Questions: 1. What accuracy does each achieve? 2. Why is BERT better at this task? 3. At what model scale might GPT surpass fine-tuned BERT?

E21.2 Masking Strategy Experiment

BERT masks 15% of tokens with the 80/10/10 strategy. What if you change it?

# Try: 100/0/0 (always [MASK])
# Try: 0/0/100 (never replace, just predict)
# Try: 50/50/0 ([MASK] or random, never keep)
# Compare MLM validation loss after 1000 steps

E21.3 [CLS] Token Analysis

Extract [CLS] embeddings for 200 positive and 200 negative SST-2 sentences from the fine-tuned model.

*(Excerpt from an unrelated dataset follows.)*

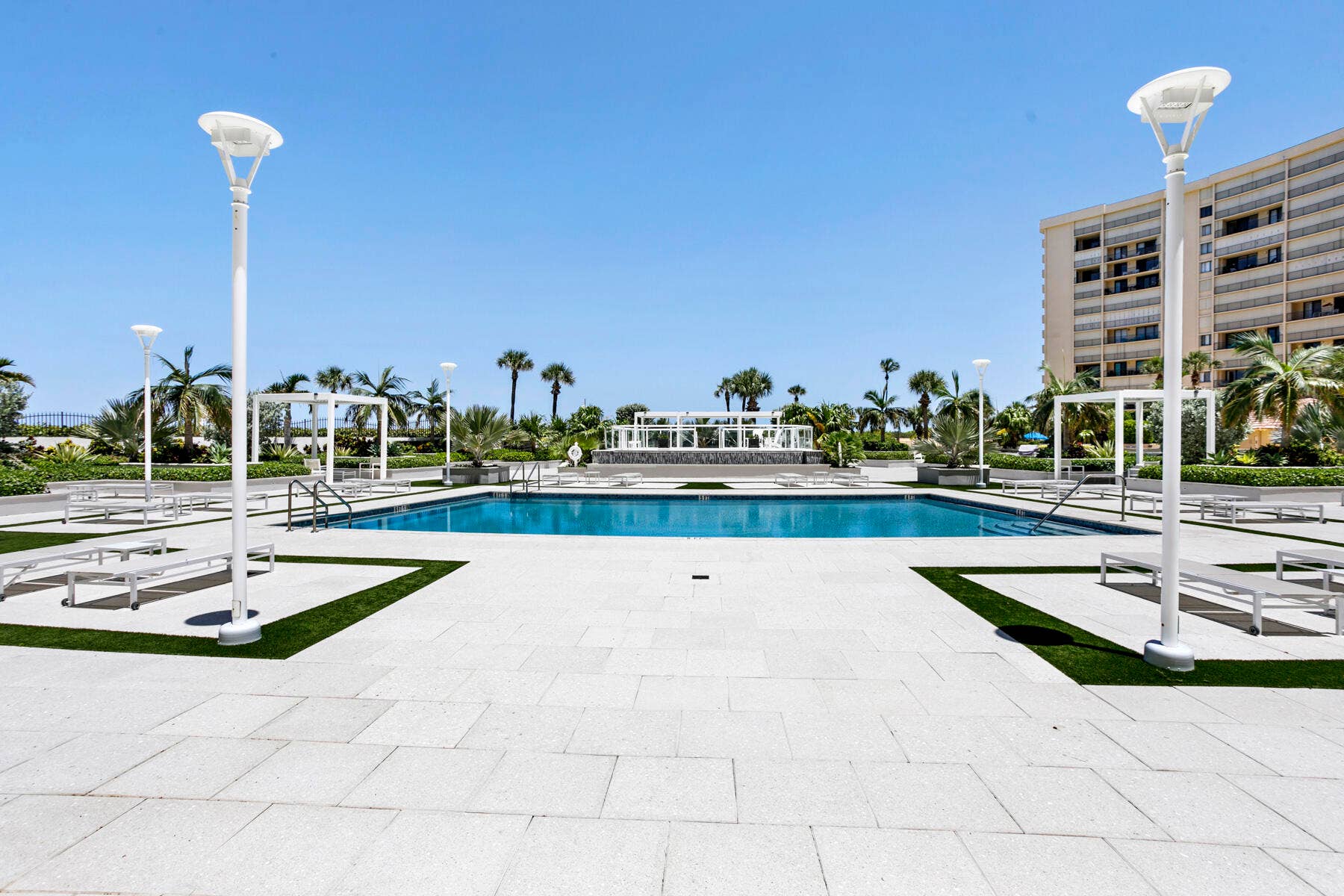 200 Ocean Trail Way, #106, Jupiter, FL 33477 New Pool Deck / Spa / Gas Grill / Beach Access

Reduce to 2D with t-SNE. Do they cluster by sentiment?

from sklearn.manifold import TSNE
import numpy as np

# Extract [CLS] embeddings
cls_embeddings = []
labels = []
# ... collect from val set ...

tsne = TSNE(n_components=2, perplexity=30, random_state=42)
reduced = tsne.fit_transform(np.array(cls_embeddings))

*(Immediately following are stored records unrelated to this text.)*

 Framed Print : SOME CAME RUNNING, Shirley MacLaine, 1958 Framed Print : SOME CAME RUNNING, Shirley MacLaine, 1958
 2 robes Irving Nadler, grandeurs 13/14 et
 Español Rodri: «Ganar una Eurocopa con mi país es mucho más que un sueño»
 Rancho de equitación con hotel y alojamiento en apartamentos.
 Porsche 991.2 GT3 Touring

plt.scatter(reduced[labels==0, 0], reduced[labels==0, 1], alpha=0.5, label='Negative')
plt.scatter(reduced[labels==1, 0], reduced[labels==1, 1], alpha=0.5, label='Positive')
plt.legend()
plt.title('[CLS] Embeddings — Fine-tuned BERT')
plt.show()

Key Takeaways

BERT is a bidirectional encoder — every token sees every other token, giving rich contextual representations
MLM masks 15% of tokens and predicts them, forcing the model to learn deep language understanding
Fine-tuning adds a task head on top of pre-trained representations — cheap and effective for NLU tasks
BERT cannot generate text — no causal structure means no autoregressive sampling
The paradigm shifted: BERT's pretrain+fine-tune was replaced by GPT's pretrain+prompt at scale, but BERT-style models remain dominant for classification and embedding tasks
[CLS] token aggregates sequence meaning for classification — a learned summary vector

Connection to the Thread

This lesson bridges encoder-only (BERT) and decoder-only (GPT) architectures. You've now seen both branches of the transformer family tree. Tomorrow, you'll start Week 4 by diving into tokenization — the preprocessing step that both architectures depend on but that introduces surprising failure modes. Then you'll build GPT from scratch with nanoGPT (Days 23-24), and eventually encounter encoder-decoder models (T5, Day 28) that combine both paradigms. In Phase V, you'll see how BERT-style encoders return for vision (ViT) and how the encoder-decoder pattern enables vision-language models.